Logan is right. I need his help. My heart hurts, and I’m not thinking rationally. I can’t fail Jessa this time, and I’ll need his guidance if I’m going to break through and help her heal.

Jessa murmurs something unintelligible as her head digs deeper into my arm. Then she’s out cold, and she’ll most likely sleep right through the night after everything she’s just shared.

I shift just enough to get comfortable beside her and close my eyes.

CHAPTER19

JESSA

A gentle movement beside me stirs me awake.

I stay still but shift my eyes to look at the man wrapped around me, and I take him in with a deep breath.

I’ve dreamt about this for years. What it would feel like to be in his arms again.

His chest rises and falls steadily. He’s still asleep.

The room is bathed in a soft glow as the light from the full moon shines in and stretches itself across the bed. It almost reaches us. If I shift down a bit, I’d be able to see how bright it shines, but I don’t want to wake him.

Sharing what I remember of my time with Maxwell lifted a weight off me. For the longest time, I wanted to tell Dana, but I couldn’t bring myself to. I know she feels responsible for me being taken. Knowing about this would crush her.

But there is something about sharing it with Jack that feels right.

He is a deep part of me. He always has been.

Me not remembering my time with Maxwell must kill him.

It bothers me too, but for different reasons.

I don’t remember some vital parts of my time in captivity. Something took over and threw me into autopilot, and I don’t know how I was ever able to make contact with Dana and Zane.
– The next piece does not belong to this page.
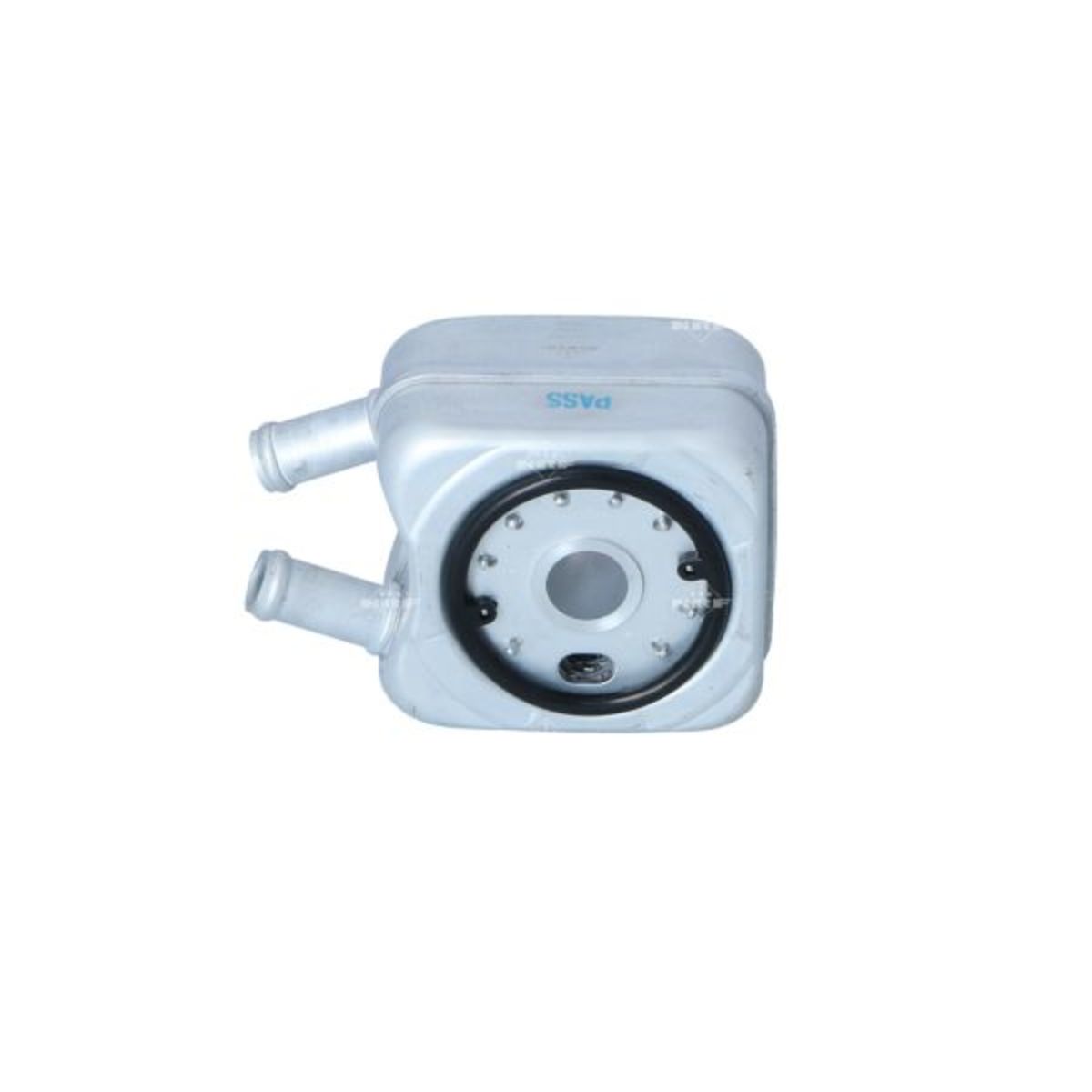 Image of Olie radiator, motorolie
Did I give anything away? I had access to their servers to make the connection. Did I see anything while I was there that could help end his whole ordeal? Did he say anything to me that could be useful?
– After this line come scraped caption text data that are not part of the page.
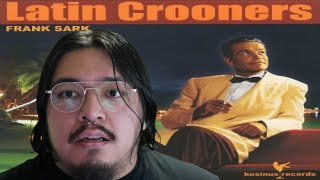 1ST LISTEN REACTION Amor Mio Frank Sark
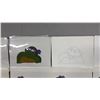 Image 3 : COLLECTION OF VINTAGE "TEENAGE MUTANT NINJA TURTLES" ANIMATION CELS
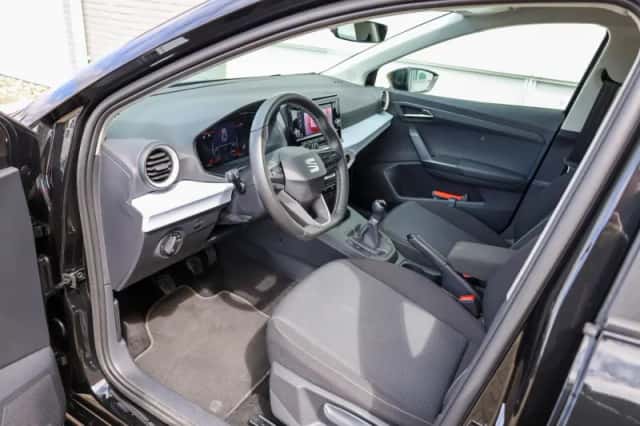SEAT Ibiza (2023) thumbnail 18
For all my remaining days, I’ll never forget the look on Max’s face when he stood in front of me for the first time since my parents died.

It was like he wasn’t there anymore.

It wasn’t a lack of emotion; it was more like a furious overload. It was barely contained insanity.

When I look back at that time, I think my connection to Zane is the only thing that kept me alive. Actually, it didn’t even do that. I left out one part the doctor shared with me because I honestly don’t think Jack would be able to function with that information.

Just before the men came to transport me back, the doctor told me to do everything I could to make sure I never ended up in Maxwell’s clutches again. He was scared for me, and for a stranger on the Sparr payroll to be that terrified for someone he didn’t even know sent chills through my body. He wouldn’t give me any further details beyond the fact that my heart had stopped. I had essentially died at Maxwell’s hands at some point.

I can never let myself be captured again. And I can’t allow Dana to be caught up in this.

Without the weak level of protection Zane gives us, we only have each other.